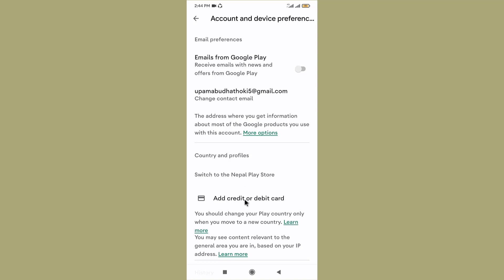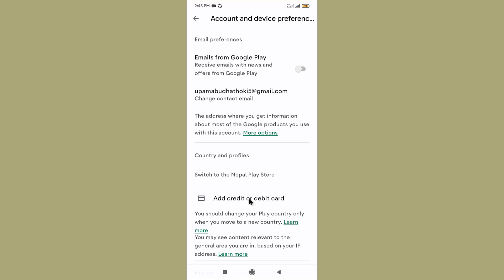Now go to Country and Profiles section, and here you can see Add Credit or Debit Card option. This will create a new Google payment profile that's always linked to your current account and country, so tap on it. Once the confirmation pops up on your screen, go and tap on Continue.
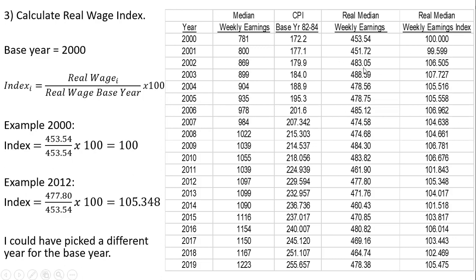Same thing for 2001 — I took 451.72 and divided it by 453.54. You can see what I did for 2012 and so on. So that's how you create this wage index.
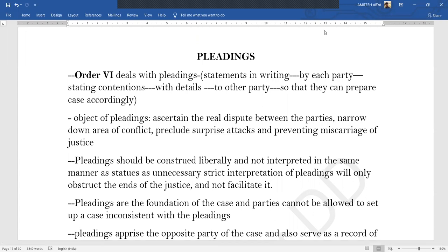Hello everyone, welcome back to Lecture 4 of 4 of Civil Procedure with Juthi Bhairath. I hope the last three lectures have been clear and there is no confusion, especially with Lecture 2, as there were certain audio issues with that particular lecture. Please forgive me for that.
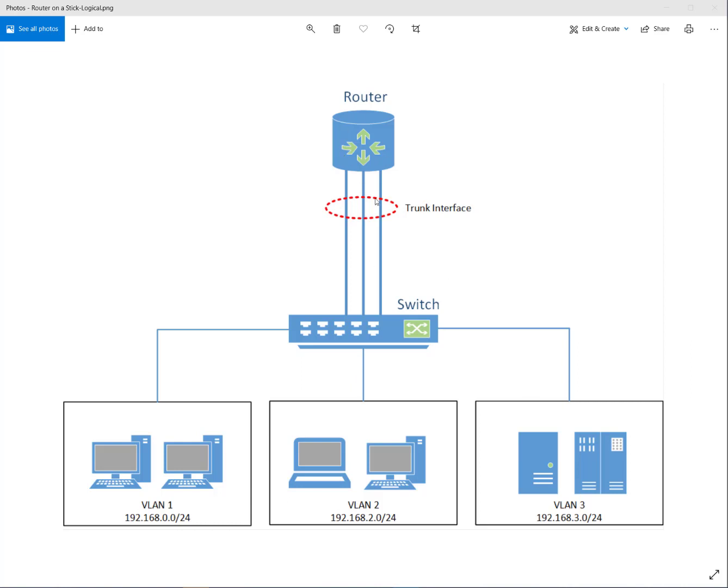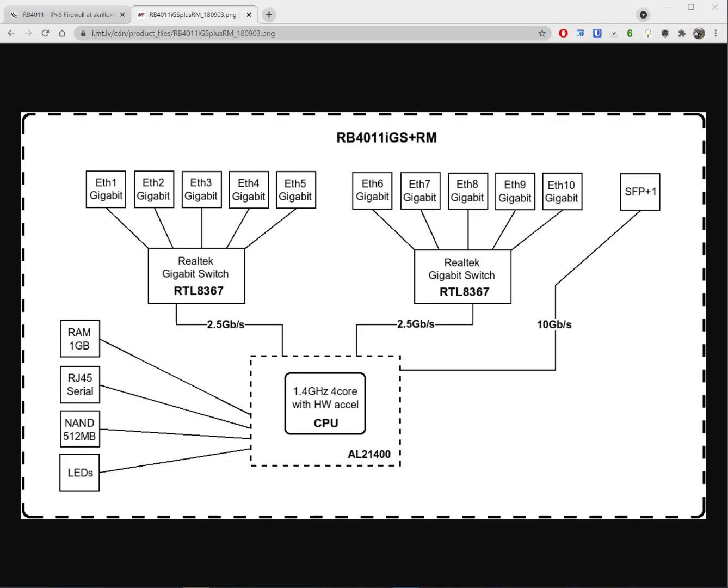It's called router on a stick because the router looks like it's sitting on a stick. So people ask: how do we make that work in MikroTik? Let's take a look at the block diagram from the MikroTik website for an RB4011. You may not think of it this way, but this entire diagram represents everything inside the RB4011 chassis.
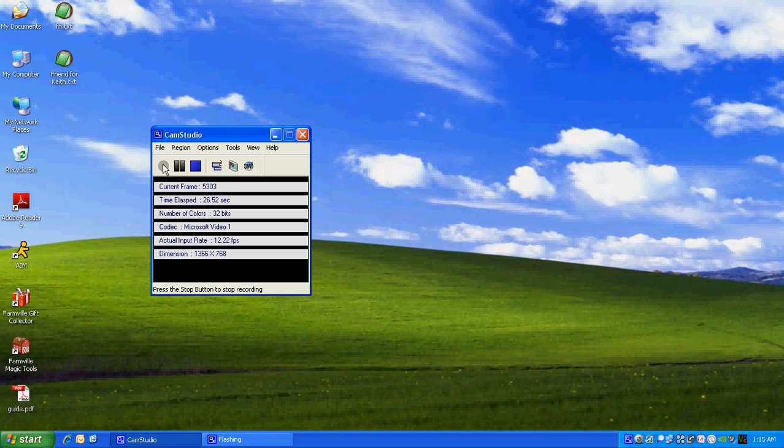When I talk about startup programs, I'm referring to all these little icons down here. These all run as soon as your computer starts up. You're able to turn them off and on at will using this utility.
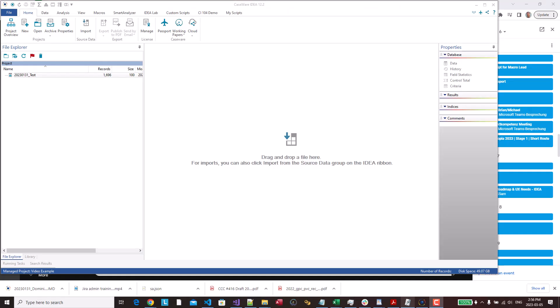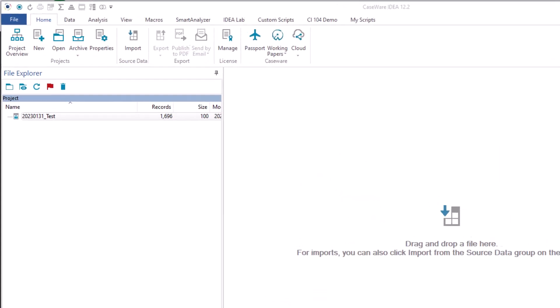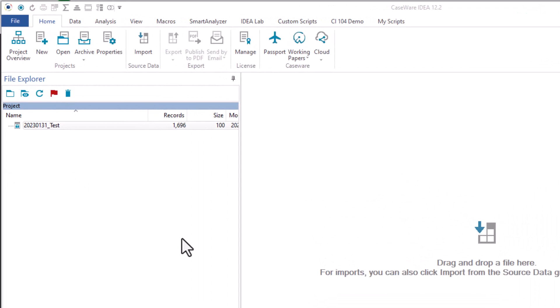Good day everyone. In this video I'm going to talk about how to unlock an IDEA file. Sometimes you may receive an IDEA file from another user, and when you save it to your system and you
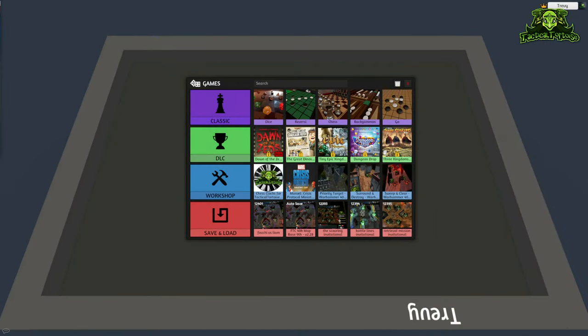Welcome back to Tactical Tortoise. My name is Trevi and this is another episode in my Warhammer 40K tutorial series. This one is going to be about building your army in Tabletop Simulator and how you can get it to do all of the cool things that you see on stream.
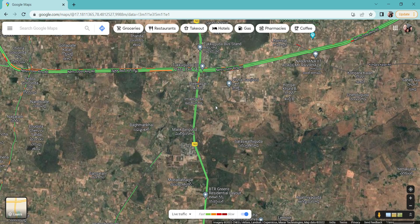Hello all, welcome back to our channel. In this video, we are going to discuss the topic of land prices and explain how to invest in the future.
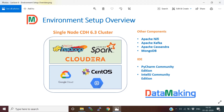After installing the CDH cluster, we are going to install additional components like Apache NiFi for ETL operations and data ingestion. We are also going to use the distributed messaging system Apache Kafka, and install NoSQL databases like MongoDB and Cassandra on this single-node CDH cluster.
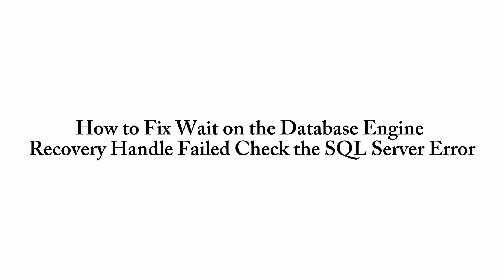Hi everyone, in this video I'll show you how to fix 'Wait on the Database Engine Recovery Handle Failed' - check the SQL Server error.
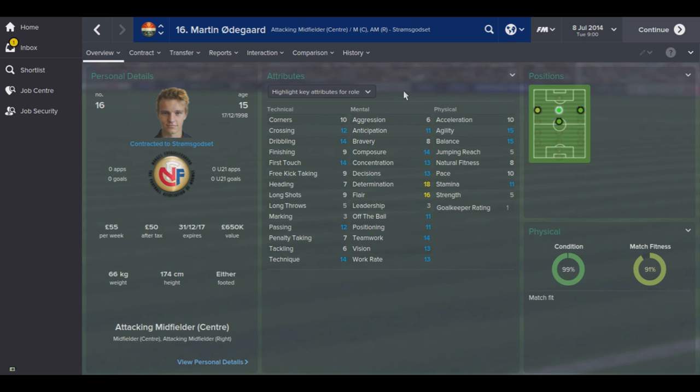Anyway guys, hopefully this video helped - if it did, please smash the like button, it really helps me out. If you're new to my channel, hit subscribe. In the coming days I'm going to have an Udegaard future save where I holiday 20 years into the future and look at Martin Udegaard's career and how it panned out in Football Manager. Hopefully you're looking forward to that and I will see you guys in the next video.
■ ■ ■ ■ ■ ■ ■
## AIM OF THE EXERCISE:
Go to the line above holding "When I talk", then copy exactly each line down to and including the one holding "Hi everyone, in", leaving pictures out.

## ANSWER TO THE EXERCISE:
When I talk about startup programs, I'm referring to all these little icons down here. These all run as soon as your computer starts up. You're able to turn them off and on at will using this utility.
Good day everyone. In this video I'm going to talk about how to unlock an IDEA file. Sometimes you may receive an IDEA file from another user, and when you save it to your system and you
Welcome back to Tactical Tortoise. My name is Trevi and this is another episode in my Warhammer 40K tutorial series. This one is going to be about building your army in Tabletop Simulator and how you can get it to do all of the cool things that you see on stream.
Hello all, welcome back to our channel. In this video, we are going to discuss the topic of land prices and explain how to invest in the future.
After installing the CDH cluster, we are going to install additional components like Apache NiFi for ETL operations and data ingestion. We are also going to use the distributed messaging system Apache Kafka, and install NoSQL databases like MongoDB and Cassandra on this single-node CDH cluster.
Hi everyone, in this video I'll show you how to fix 'Wait on the Database Engine Recovery Handle Failed' - check the SQL Server error.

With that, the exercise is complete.